The Pulse Health Initiative will support research into the many positive aspects of pulse crops that have yet to be fully explored. Pulse crops, including chickpeas, lentils and dry peas, are a good source of dietary fiber, protein and folate.
Although we know that pulse crops have the potential to play a big role in reducing the instances of chronic diseases, research quantifying a more complete link between pulse crops and health is lacking.
In addition to quantifying the health and nutritional benefits of pulse crops, the Initiative will expand research in plant genetics and genomics.

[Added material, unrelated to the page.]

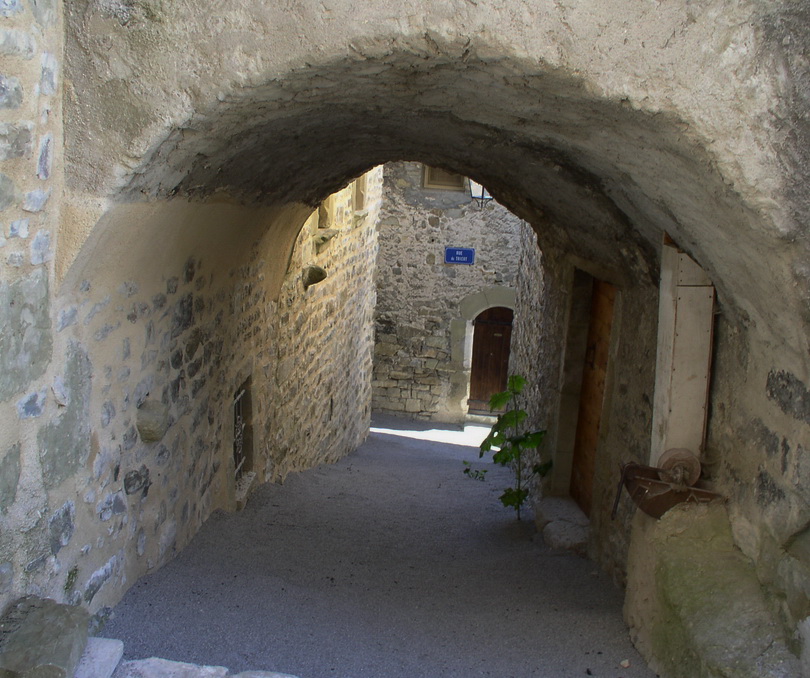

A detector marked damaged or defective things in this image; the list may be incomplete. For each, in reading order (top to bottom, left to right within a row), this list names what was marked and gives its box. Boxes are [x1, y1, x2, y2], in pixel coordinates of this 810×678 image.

rusted iron object [612, 462, 720, 520]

This research should improve productivity and increase the nutrient value of pulse crops through the development of new plant strains that are easier to grow and have traits that will lead to expanded markets, such as varieties that are easier to use in food preparation.
Increased demand for pulse crops resulting from this research authorized by the Pulse Health Initiative has the potential to greatly expand the acreage planted in pulse crops. Increased acreage as a result of increased demand would mean more options for farmers and more jobs for processors who are often based in rural areas.
There is a great deal of potential for pulse crops to become a bigger food source for Americans, which will lead to more job opportunities for farmers and processors. As an example, hummus sales have grown from almost nothing in 1995 to nearly $200 million today, based at least partially on the healthful attributes of chickpeas. The Pulse Health Initiative promises similar success stories for these crops with the potential to expand foreign and domestic markets even further, creating jobs here at home.
Please support the retention of the Pulse Health Initiative throughout the continued process of getting the next farm bill passed into law.